PROBLEM STATEMENT | Where a line of the material contains the string "Black", copy that line.

SOURCE MATERIAL |
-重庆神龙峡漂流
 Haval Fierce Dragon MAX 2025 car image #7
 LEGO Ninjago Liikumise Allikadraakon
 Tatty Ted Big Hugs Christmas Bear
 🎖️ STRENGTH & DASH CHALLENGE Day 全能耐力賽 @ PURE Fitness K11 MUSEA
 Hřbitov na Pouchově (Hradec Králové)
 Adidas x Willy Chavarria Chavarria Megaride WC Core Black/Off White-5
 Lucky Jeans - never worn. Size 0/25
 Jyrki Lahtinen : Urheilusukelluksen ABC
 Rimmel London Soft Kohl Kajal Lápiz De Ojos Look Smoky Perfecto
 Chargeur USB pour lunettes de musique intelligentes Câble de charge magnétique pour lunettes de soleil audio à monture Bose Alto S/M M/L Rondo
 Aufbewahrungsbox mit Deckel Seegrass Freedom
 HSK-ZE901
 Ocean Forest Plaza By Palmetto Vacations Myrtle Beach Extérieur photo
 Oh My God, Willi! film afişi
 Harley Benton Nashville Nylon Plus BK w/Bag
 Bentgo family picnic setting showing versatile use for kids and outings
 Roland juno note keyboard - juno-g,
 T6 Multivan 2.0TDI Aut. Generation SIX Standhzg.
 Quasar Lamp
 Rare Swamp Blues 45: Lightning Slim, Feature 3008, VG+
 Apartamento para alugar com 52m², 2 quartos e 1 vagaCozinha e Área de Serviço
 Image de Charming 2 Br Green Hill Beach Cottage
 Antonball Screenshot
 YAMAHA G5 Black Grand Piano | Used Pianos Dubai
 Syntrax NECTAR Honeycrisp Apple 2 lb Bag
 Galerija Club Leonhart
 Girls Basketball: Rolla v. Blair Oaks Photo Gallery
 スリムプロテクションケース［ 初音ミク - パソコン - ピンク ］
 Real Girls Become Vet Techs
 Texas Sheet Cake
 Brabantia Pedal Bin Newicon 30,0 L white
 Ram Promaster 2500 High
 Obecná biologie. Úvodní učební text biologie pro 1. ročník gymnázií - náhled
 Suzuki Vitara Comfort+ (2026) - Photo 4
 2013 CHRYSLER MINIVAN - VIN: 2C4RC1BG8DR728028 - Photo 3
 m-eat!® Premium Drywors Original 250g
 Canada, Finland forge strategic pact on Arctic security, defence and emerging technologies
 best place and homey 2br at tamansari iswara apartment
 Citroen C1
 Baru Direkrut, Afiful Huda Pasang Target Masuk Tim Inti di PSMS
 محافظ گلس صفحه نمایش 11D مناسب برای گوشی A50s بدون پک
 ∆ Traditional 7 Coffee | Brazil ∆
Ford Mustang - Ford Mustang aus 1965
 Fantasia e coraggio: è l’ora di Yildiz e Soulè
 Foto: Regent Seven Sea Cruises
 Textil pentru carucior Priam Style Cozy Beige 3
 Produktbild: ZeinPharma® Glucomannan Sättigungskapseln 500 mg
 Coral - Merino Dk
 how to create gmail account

THE ANSWER |
 Adidas x Willy Chavarria Chavarria Megaride WC Core Black/Off White-5
 YAMAHA G5 Black Grand Piano | Used Pianos Dubai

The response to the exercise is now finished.